What you need to do :: Write each entry out again, exactly as it is written.

Source data ::
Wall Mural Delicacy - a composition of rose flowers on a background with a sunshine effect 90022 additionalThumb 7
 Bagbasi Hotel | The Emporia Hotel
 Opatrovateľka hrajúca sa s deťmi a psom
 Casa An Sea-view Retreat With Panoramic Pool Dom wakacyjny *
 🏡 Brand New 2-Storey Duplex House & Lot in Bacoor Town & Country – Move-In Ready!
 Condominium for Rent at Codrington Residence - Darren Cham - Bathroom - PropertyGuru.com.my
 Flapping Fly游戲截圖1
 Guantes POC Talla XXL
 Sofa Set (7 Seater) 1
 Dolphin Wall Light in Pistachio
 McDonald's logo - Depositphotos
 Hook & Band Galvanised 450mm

Response to this task ::
Wall Mural Delicacy - a composition of rose flowers on a background with a sunshine effect 90022 additionalThumb 7
 Bagbasi Hotel | The Emporia Hotel
 Opatrovateľka hrajúca sa s deťmi a psom
 Casa An Sea-view Retreat With Panoramic Pool Dom wakacyjny *
 🏡 Brand New 2-Storey Duplex House & Lot in Bacoor Town & Country – Move-In Ready!
 Condominium for Rent at Codrington Residence - Darren Cham - Bathroom - PropertyGuru.com.my
 Flapping Fly游戲截圖1
 Guantes POC Talla XXL
 Sofa Set (7 Seater) 1
 Dolphin Wall Light in Pistachio
 McDonald's logo - Depositphotos
 Hook & Band Galvanised 450mm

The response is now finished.